Continuous Orthogonal Mode Decomposition: Haptic Signal Prediction in Tactile Internet
Mohammad Ali Vahedifar, Mojtaba Nazari, Qi Zhang
TLDR
MDA uses Continuous-Orthogonal Mode Decomposition to predict haptic signals for the Tactile Internet, achieving high accuracy and ultra-low latency.
Key contributions
- Proposes Mode-Domain Architecture (MDA) for bilateral haptic signal prediction.
- Introduces Continuous-Orthogonal Mode Decomposition (COMD) to prevent "mode overlapping."
- Achieves high prediction accuracy (98.6% human, 97.3% robot) for haptic signals.

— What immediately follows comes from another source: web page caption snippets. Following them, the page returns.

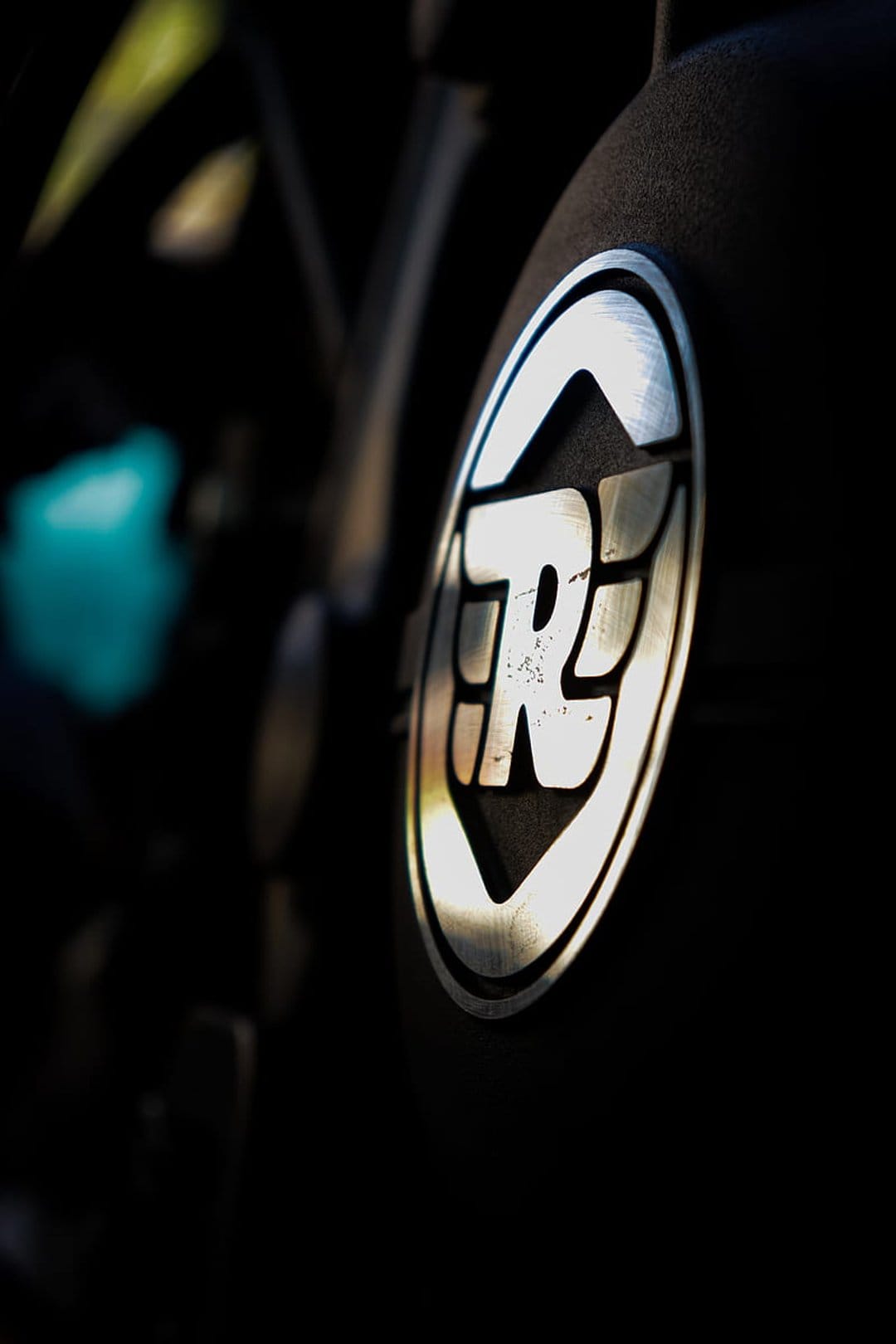 Royal Enfield silver winged logo on a dark textured motorcycle surface with a blurred black background.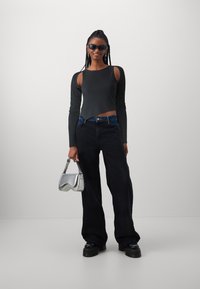 Must mustriba pika varrukaga crop top mustade külje lõigetega, kombineeritud vabalt istuvate mustade teksadega. Mudel hoiab käes metalset hõbedast käekotti.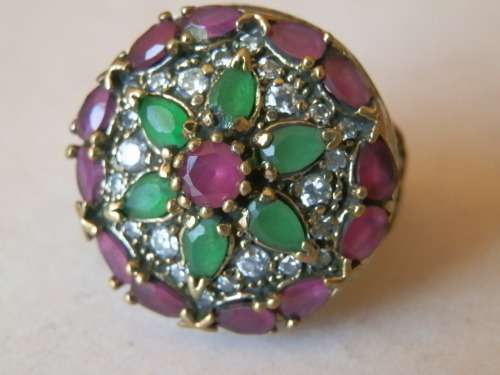 Sterling silver ruby and emerald ring, 11.7 g.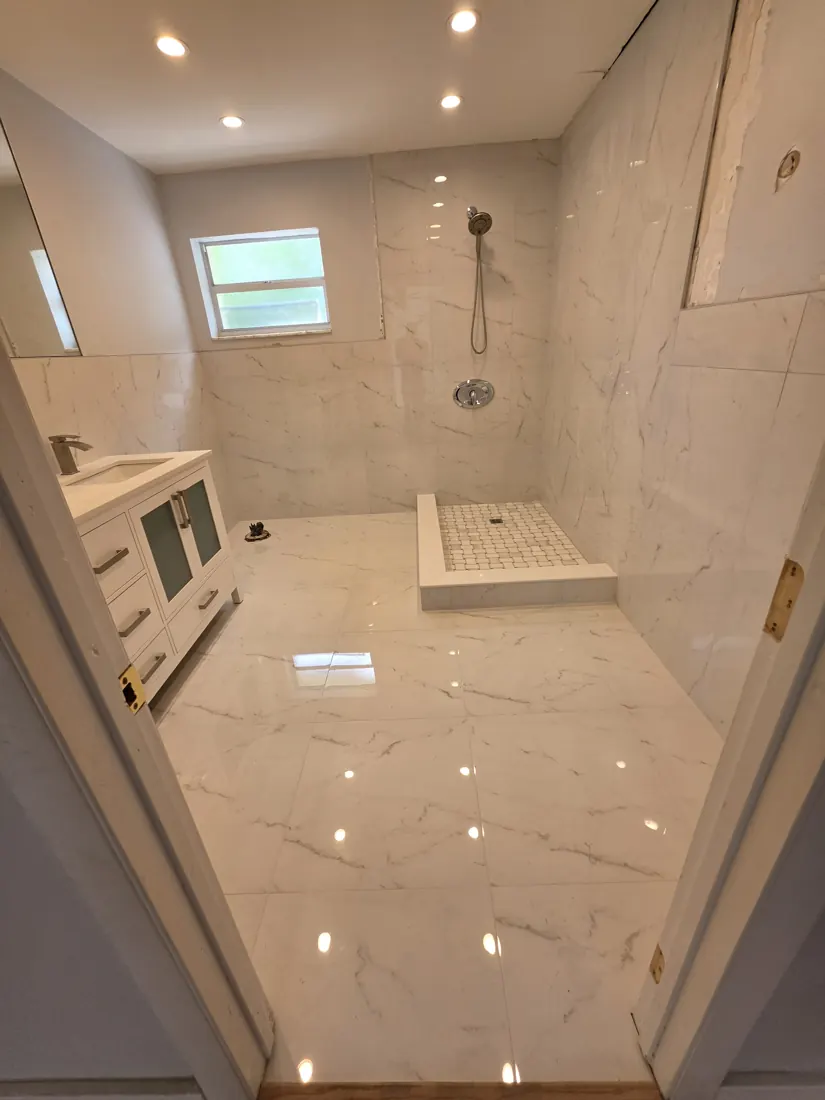 Modern bathroom renovation in Hollywood with marble-look tile, a white vanity and tiled shower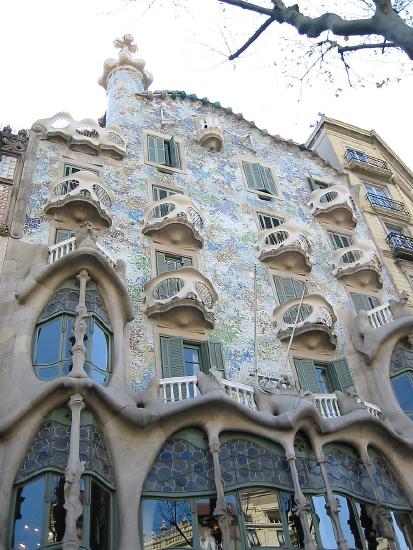 Facade of apartment building with stained glass and balconies
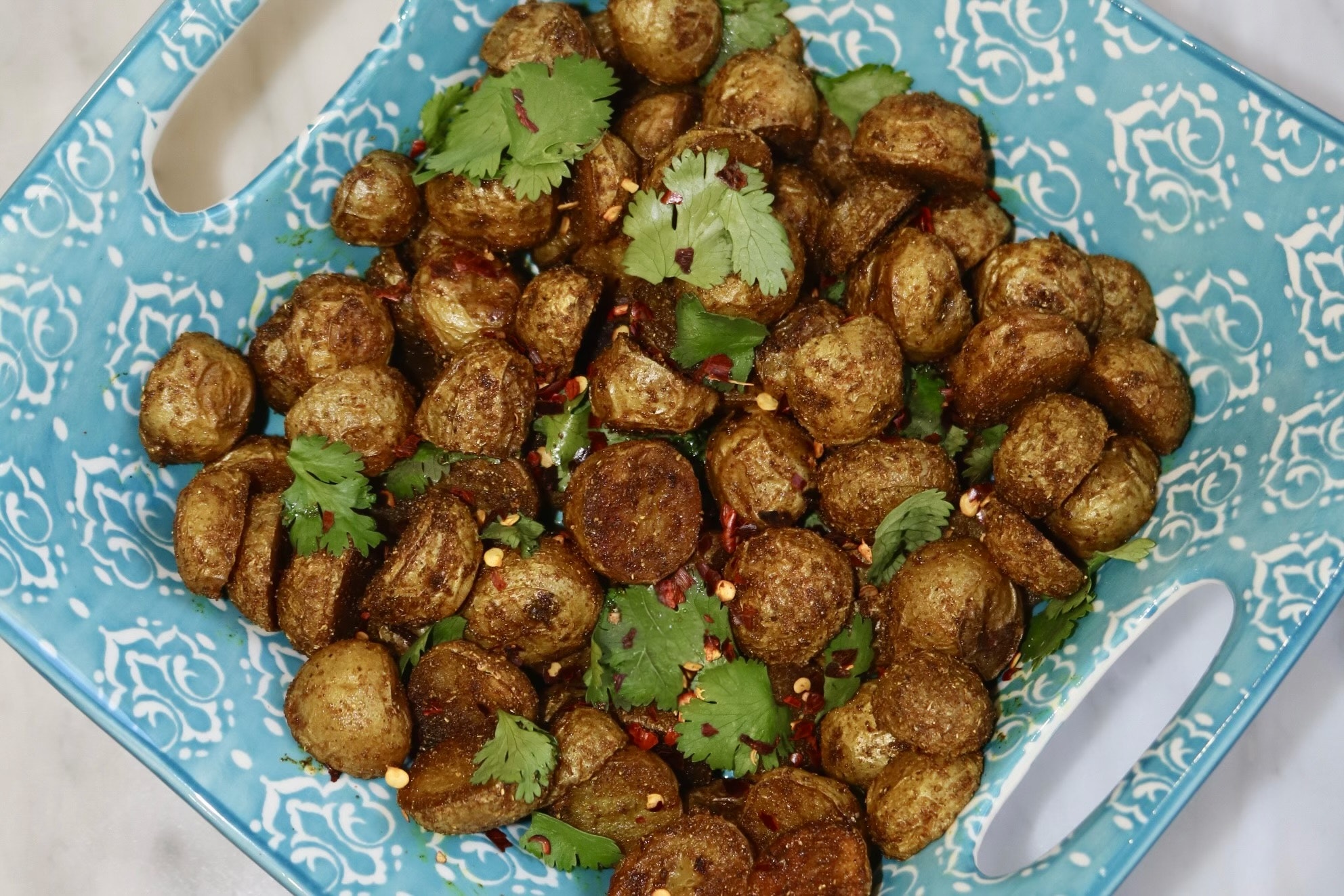 A plate of crispy masala roasted Little Potatoes on a blue plate.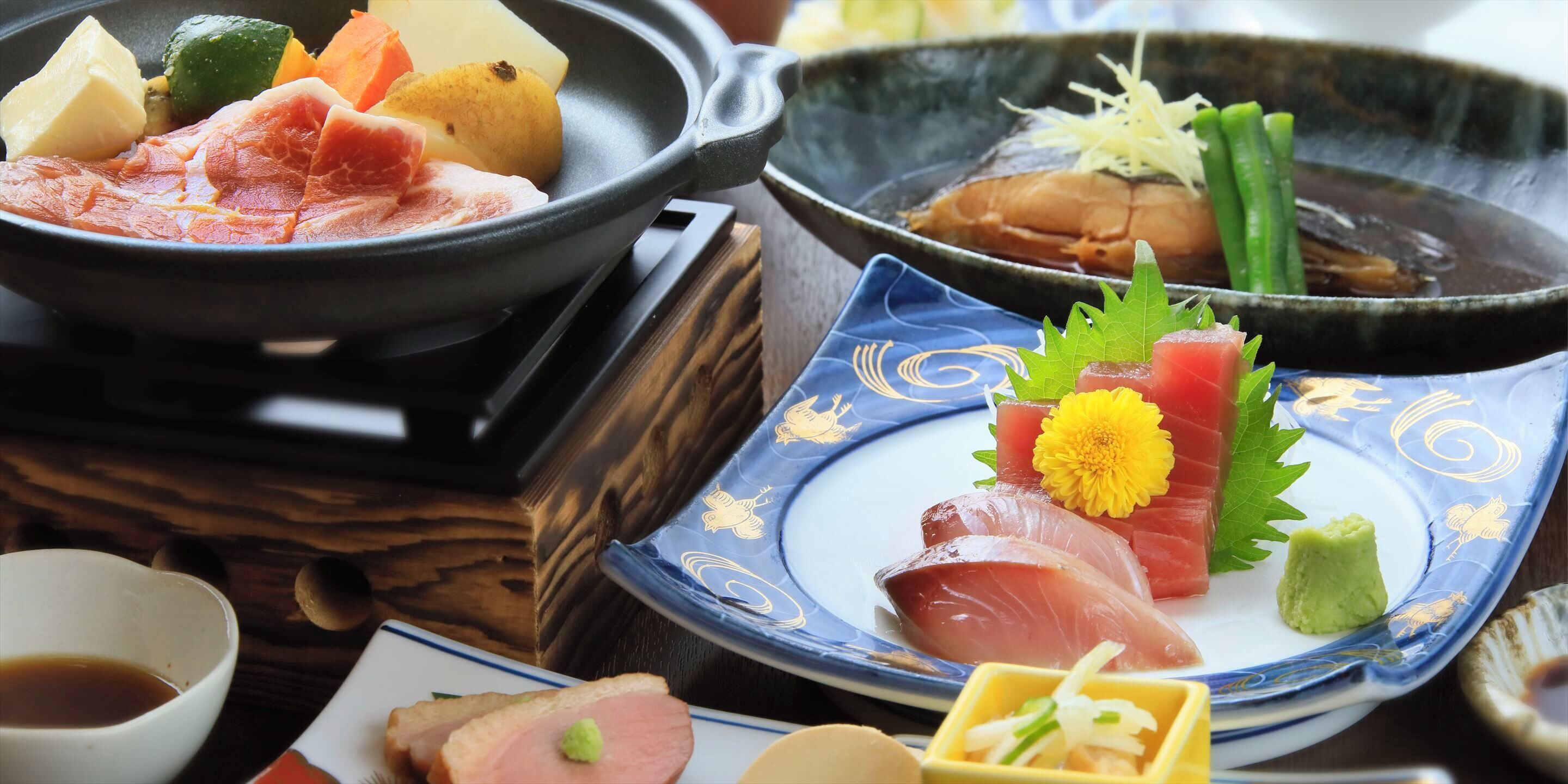 Una selezione di piatti tra cui sashimi, verdure e una pentola calda.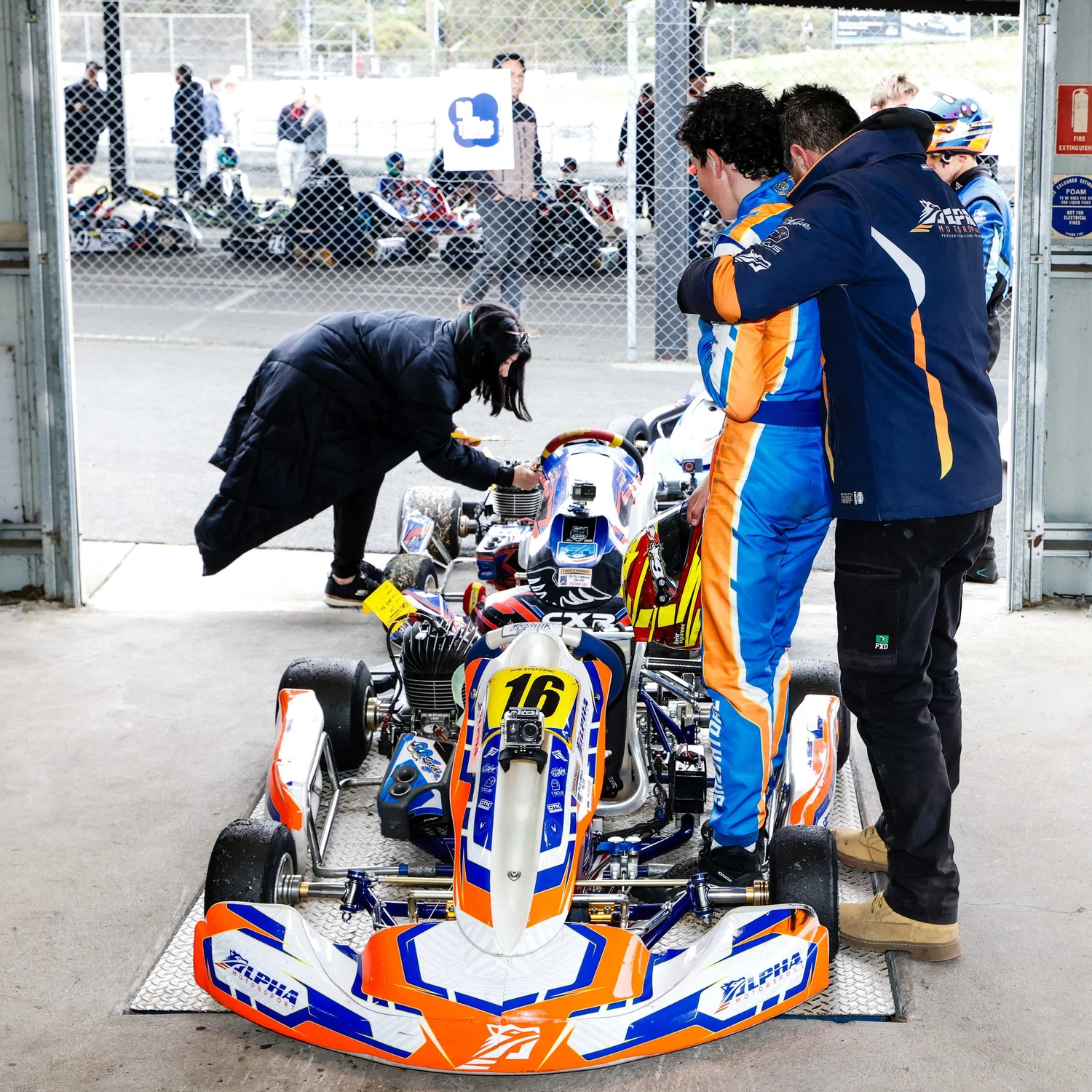 Driver and supporter working together at the kart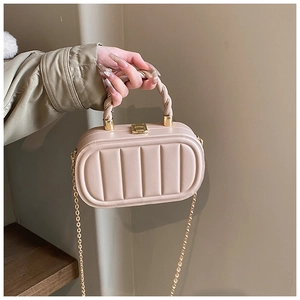 Détail du sac boîte beige matelassé avec fermoir doré et poignée torsadée élégante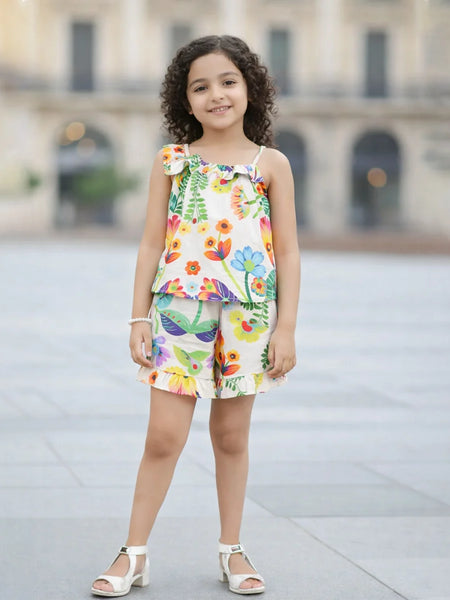 Young girl wearing a colorful floral top and shorts set on a blurred background
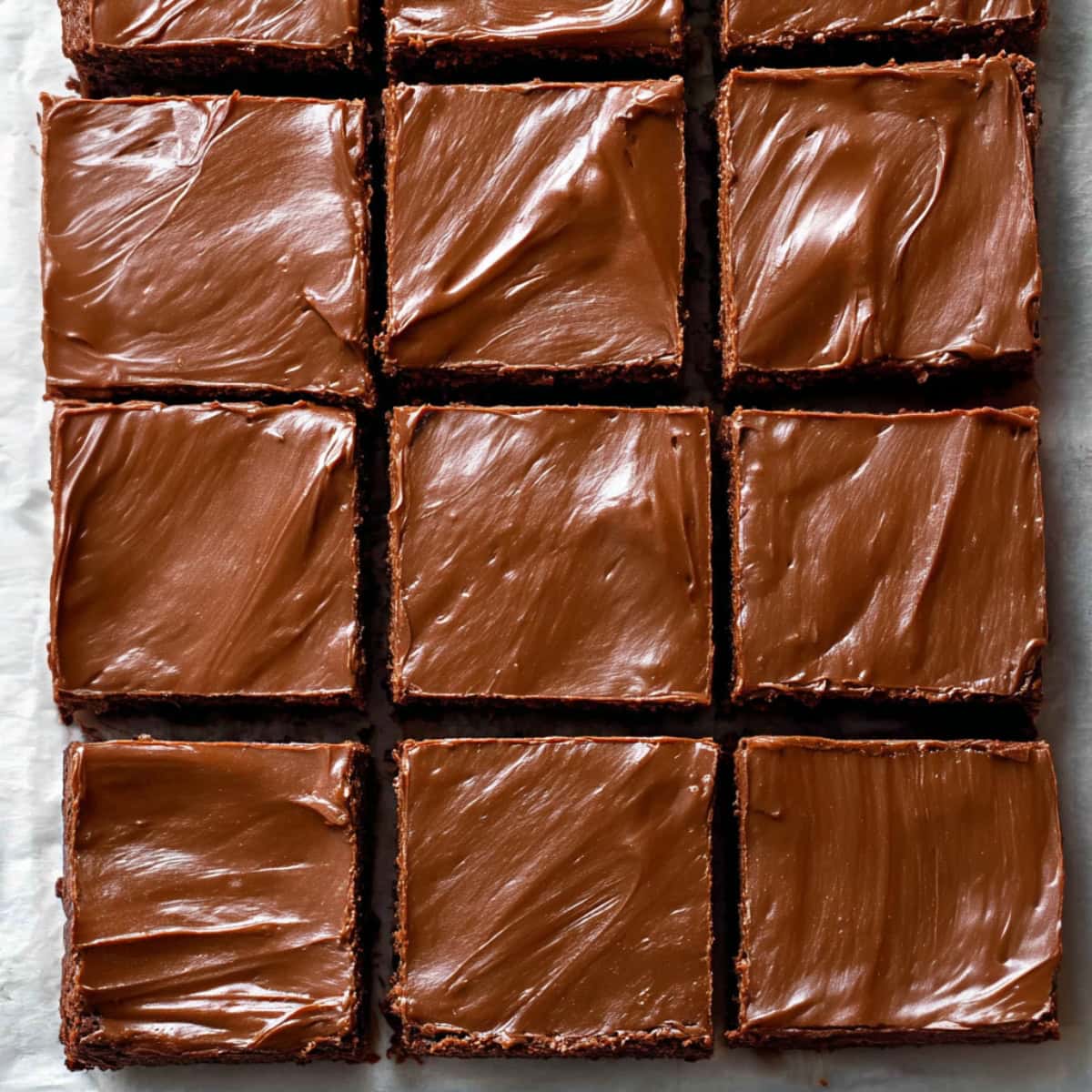 Square slices of Lunch Lady brownies on a white parchment paper.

- Delivers ultra-low inference latency (0.065 ms), meeting Tactile Internet demands.
Why it matters
The Tactile Internet requires extremely low latency and high reliability for haptic feedback. This paper addresses a critical challenge by enabling accurate and real-time prediction of haptic signals. Its novel decomposition method and low inference latency are crucial for stable and responsive haptic teleoperation.
Original Abstract
The Tactile Internet demands sub-millisecond latency and ultra-high reliability, as high latency or packet loss could lead to haptic control instability. To address this, we propose the Mode-Domain Architecture (MDA), a bilateral predictive neural network architecture designed to restore missing signals on both the human and robot sides. Unlike conventional models that extract features implicitly from raw data, MDA utilizes a novel Continuous-Orthogonal Mode Decomposition framework. By integrating an orthogonality constraint, we overcome the pervasive issue of "mode overlapping" found in state-of-the-art decomposition methods. Experimental results demonstrate that this structured feature extraction achieves high prediction accuracies of 98.6% (human) and 97.3% (robot). Furthermore, the model achieves ultra-low inference latency of 0.065 ms, significantly outperforming existing benchmarks and meeting the stringent real-time requirements of haptic teleoperation.